At the heart of the EU has been the relationship between France and Germany. Differences of opinion over the approach to Ukraine, Russia (National Rally has historically had a strong relationship with Russia) and China have the potential to fracture what has been described as the “engine” of the EU.
Germany, with stronger ties to China’s economy than the rest of Europe, would be even more targeted by Beijing, which has already been trying to exploit the differences within Europe to forestall trade sanctions.
With Trump pledging, again, to make allies pay for a US military presence (he sees defence relationships in purely transactional and commercial terms), it isn’t just Europe where tensions could arise, again.
Key US allies in the Asia Pacific such as Japan and South Korea would also find themselves faced with the same threat of either paying, directly or indirectly, for a US military presence or having the troops withdrawn.

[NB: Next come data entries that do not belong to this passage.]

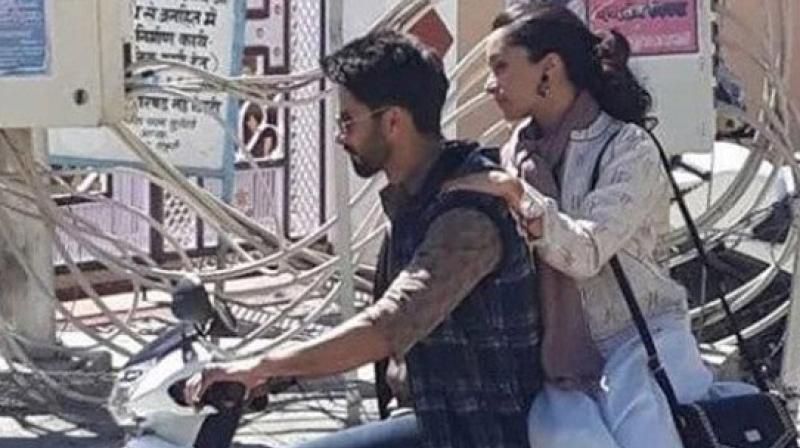 Latest picture of Shahid and Shraddha Kapoor shooting on the sets of 'Batti Gul Meter Chalu'. Latest picture of Shahid and Shraddha Kapoor shooting on the sets of 'Batti Gul Meter Chalu'.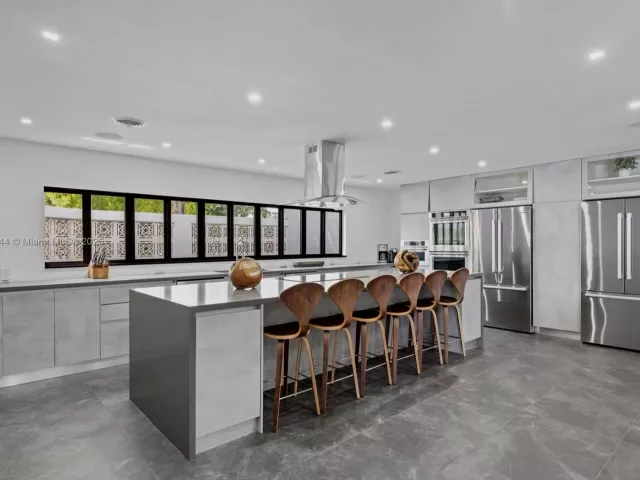 8-bedroom home for rent in Hollywood - 4322 Polk St - MondialRealty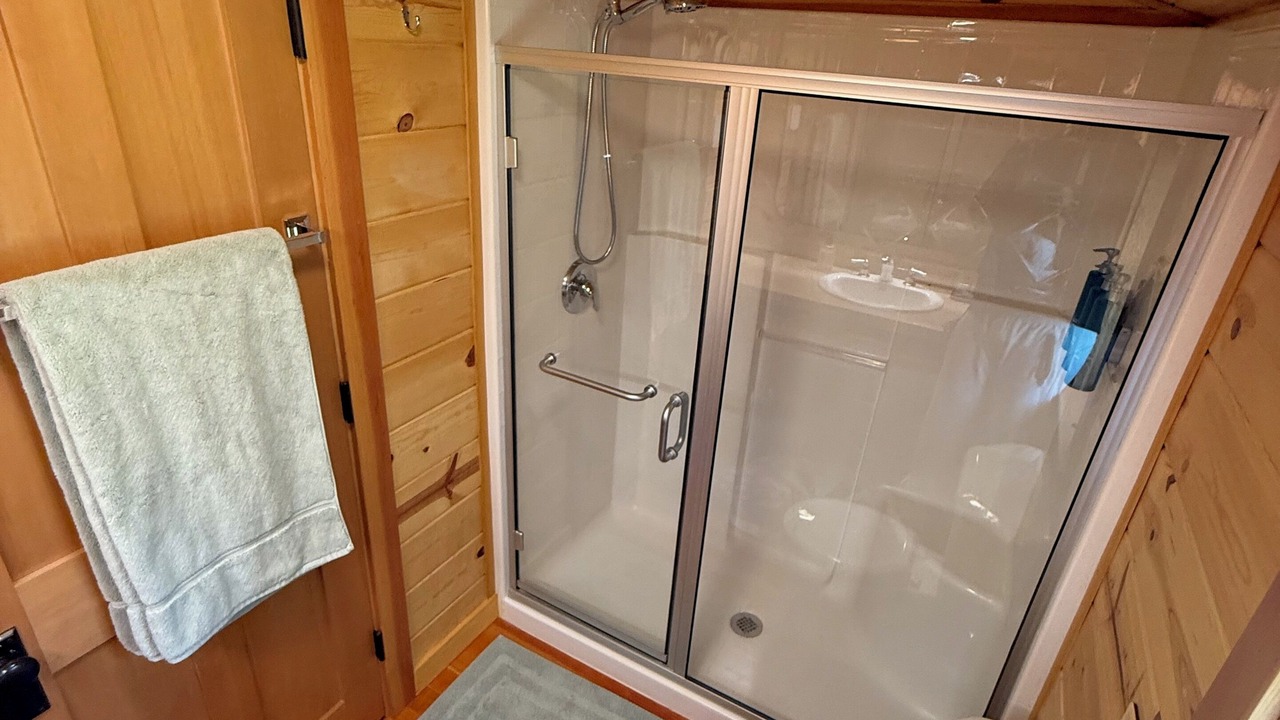 Photo of Bathroom in McKenzie Bridge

On top of the baseline tariffs that all Asian economies outside China would face, the threat of a fracturing of military and trade alliances in the region would also please China and North Korea.
Trump’s economically illiterate convictions that trade wars are good and easy to win, that a trade deficit is a signal that America is being ripped off, and that those on whom tariffs are being levied pay the duties (rather than, as most respectable analyses have concluded, American consumers) mean a new round of tit-for-tat trade wars is inevitable if he wins the November election.
His trade policies would damage not just China’s economy but the global economy and drive up inflation rates in the US and elsewhere.
They would also have a significant impact on the global response to climate change.
Trump and his advisers have made no secret of their antipathy to Biden’s heavily green-tinged Inflation Reduction Act, with its $US360 billion ($539 billion) subsidies for green technologies such as electric vehicles and solar and their supply chains.
While Trump, in his initial term, was concerned about securing America’s supply of critical minerals and signed an executive order in 2017 to that effect, his was a policy directed at encouraging domestic supply rather than, as Biden has done, effectively including America’s free trade partners in the attempt to diversify America’s access to critical minerals away from its reliance on China.
Trump has made it clear that he detests Biden’s environmental policies (he wants a boom in fossil-fuel production) and Biden’s encouragement of the take-up of electric vehicles in particular.
The tax credits for EVs and solar, and investment incentives for their manufacturers, would be targeted by a second Trump administration, which would impact their take-up and the demand for the critical minerals, including lithium, nickel, cobalt and copper, used to produce them.
That, of course, would have implications for Australia and the multibillion dollars of funding the Albanese government has earmarked for boosting the production of critical minerals as part of its “Future Made in Australia” strategy.
Before Thursday’s debate, the outcome of the US election looked tight, with Biden having a realistic chance of retaining the presidency.
After Thursday, the rest of the world will have to take the threat of Trump 2.0 and an administration more determined – and better prepared than it was in 2016 – to change the nature of America’s relationships with the rest of the world even more seriously.
It’s an unsettling prospect for any of America’s allies and trading partners.